* **Data**

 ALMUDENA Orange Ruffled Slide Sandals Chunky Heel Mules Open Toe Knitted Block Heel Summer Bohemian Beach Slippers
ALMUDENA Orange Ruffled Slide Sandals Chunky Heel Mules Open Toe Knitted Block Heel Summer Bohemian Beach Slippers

--

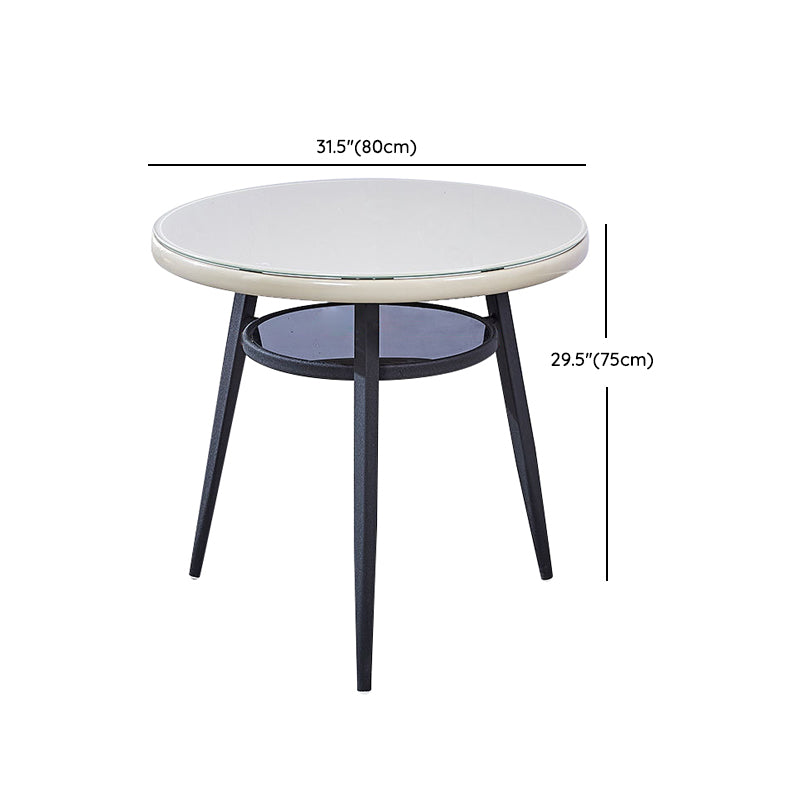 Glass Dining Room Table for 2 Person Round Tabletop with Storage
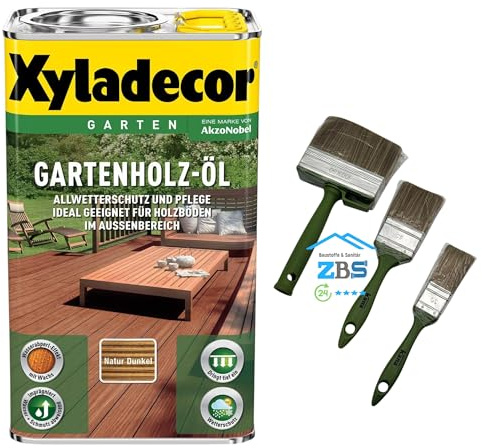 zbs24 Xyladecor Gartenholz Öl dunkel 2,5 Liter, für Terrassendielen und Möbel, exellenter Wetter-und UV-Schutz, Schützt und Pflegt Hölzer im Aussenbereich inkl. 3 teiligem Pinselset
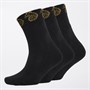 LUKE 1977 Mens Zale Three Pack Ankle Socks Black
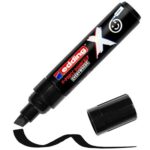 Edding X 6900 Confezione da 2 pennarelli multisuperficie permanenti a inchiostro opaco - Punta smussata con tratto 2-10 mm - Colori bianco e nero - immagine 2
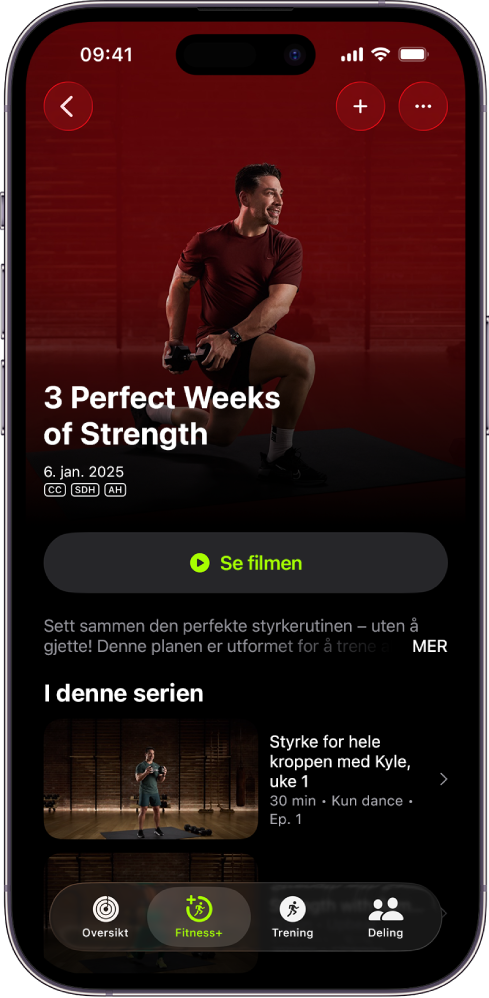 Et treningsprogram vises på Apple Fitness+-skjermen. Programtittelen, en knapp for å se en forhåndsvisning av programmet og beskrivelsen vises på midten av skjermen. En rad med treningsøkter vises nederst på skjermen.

---

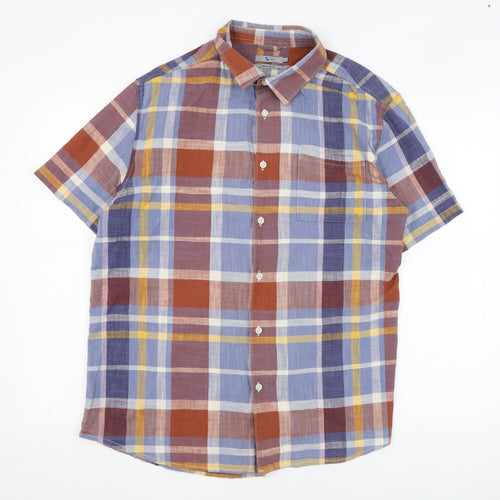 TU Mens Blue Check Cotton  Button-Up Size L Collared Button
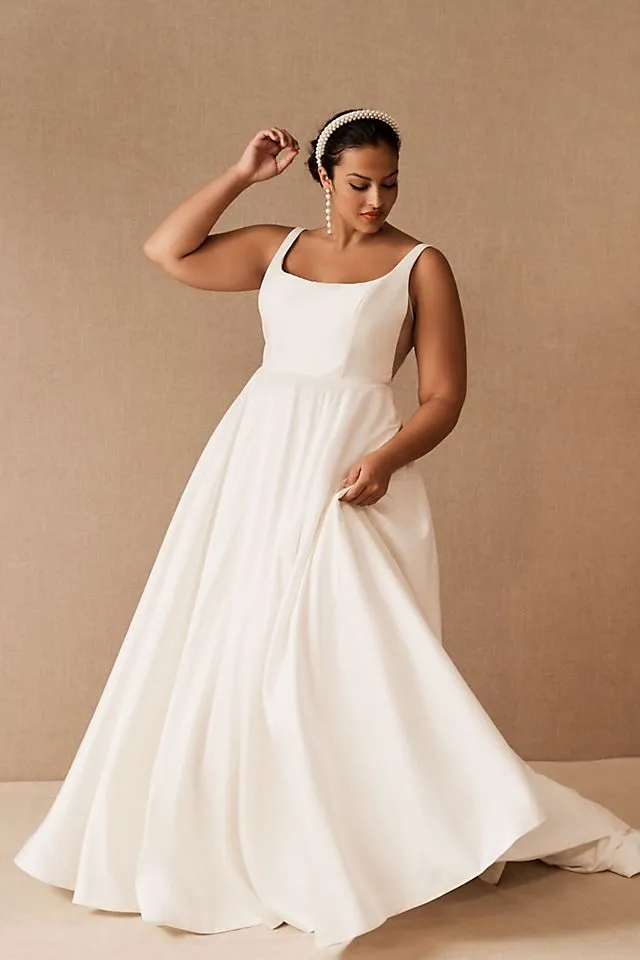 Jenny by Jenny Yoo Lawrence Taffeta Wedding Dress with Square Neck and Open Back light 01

* **What to produce**
Of the lines above, show those in which "Slide" appears.

* **Completed task**
 ALMUDENA Orange Ruffled Slide Sandals Chunky Heel Mules Open Toe Knitted Block Heel Summer Bohemian Beach Slippers
ALMUDENA Orange Ruffled Slide Sandals Chunky Heel Mules Open Toe Knitted Block Heel Summer Bohemian Beach Slippers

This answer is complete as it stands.